Die another day

The EU puts off the inevitable. But not for long:

Very quickly, there has been much loose talk about EU fiscal union. What was agreed at 4AM this morning is nothing of the sort.

It is a “Stability Union”, as Angel Merkel stated in her Bundestag speech. Chalk and cheese.

“Deeper economic integration” is for one purpose only, to “police” budgets and punish sinners.

It is about “rigorous surveillance” (point 24 of the statement) and “discipline” (25), laws enforcing “balanced budgets” (26), and prior vetting of budgets by EU police before elected parliaments have voted (26).

This certainly makes sense if you want to run a half-baked currency union. As the statement says, EMU’s leaders have learned the lesson of a decade of self-delusion. “Today no government can afford to underestimate the possible impact of public debts or housing bubbles in another eurozone country on its own economy.”
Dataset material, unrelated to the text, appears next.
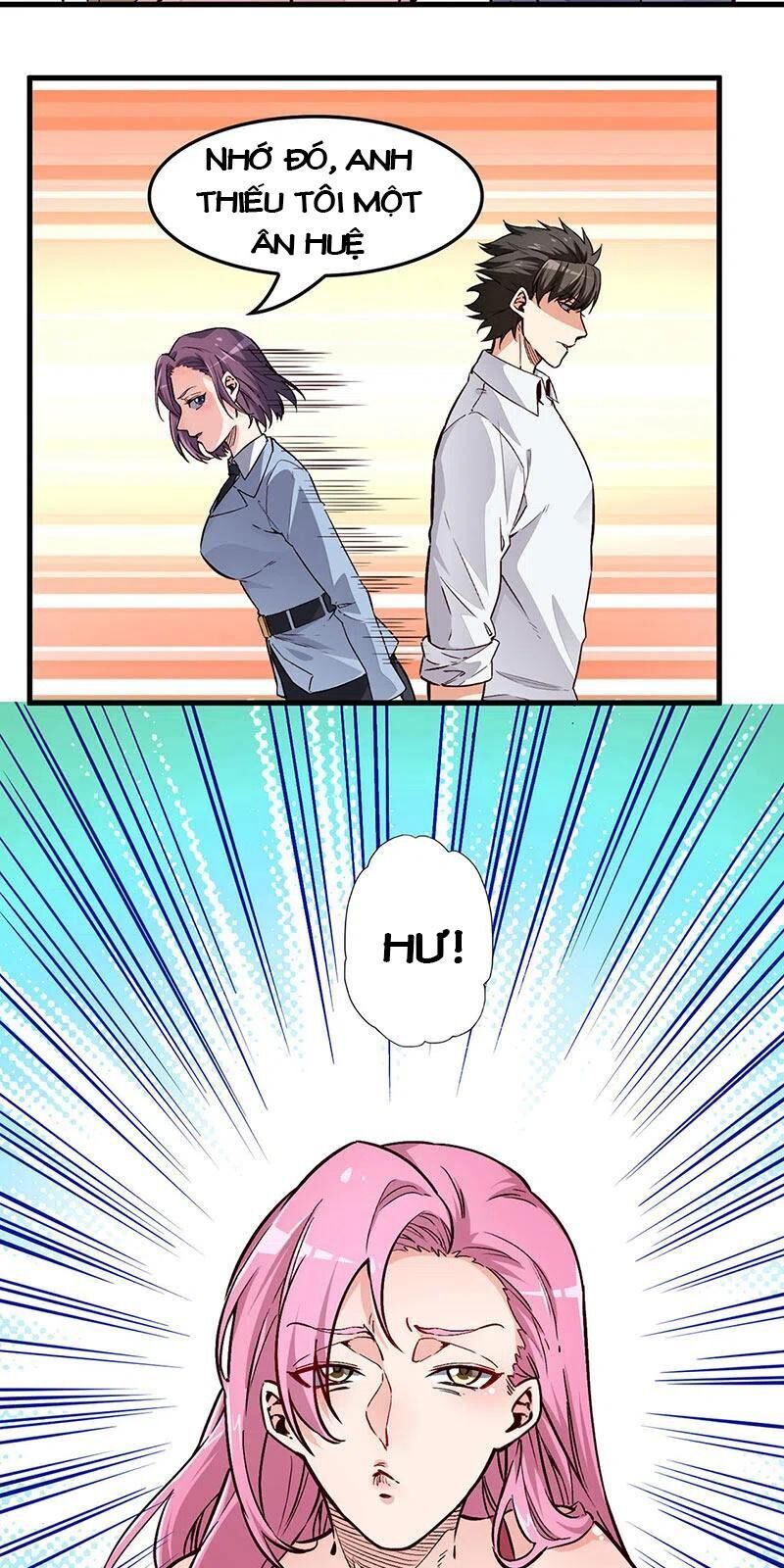 Diệu Thủ Cuồng Y Chap 164 - Next Chap 165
But none of this is fiscal union. There is no joint bond issuance, no move to an EU treasury, no joint budgets with shared taxation and spending, no debt pooling, and no system of permanent fiscal transfers. Nor can there be without breaching a specific prohibition by Germany’s top court, a prohibition that could be overcome only by changing the Grundgesetz and holding a referendum….
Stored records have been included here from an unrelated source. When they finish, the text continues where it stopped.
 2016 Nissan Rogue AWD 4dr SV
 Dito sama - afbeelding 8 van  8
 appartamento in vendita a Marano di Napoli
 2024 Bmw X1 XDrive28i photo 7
EMU break-up is Verboten, fiscal union is Verboten, full mobilization of the ECB – either to lift the South off the reefs through reflation, or to back-stop the system as a lender-of-last resort – is Verboten. Germany will have none of it. Instead we have the summit conclusions – EUCO 116/11 of October 27 2011 – and a great deal of coercion.

Please tell me what exactly has been solved.

I get the feeling that the politicians are desperately trying to play musical chairs, hoping that the collapse occurs on the other side of the Atlantic first. History being a perverse little bitch, this naturally tends to suggest that it is going to start in Asia.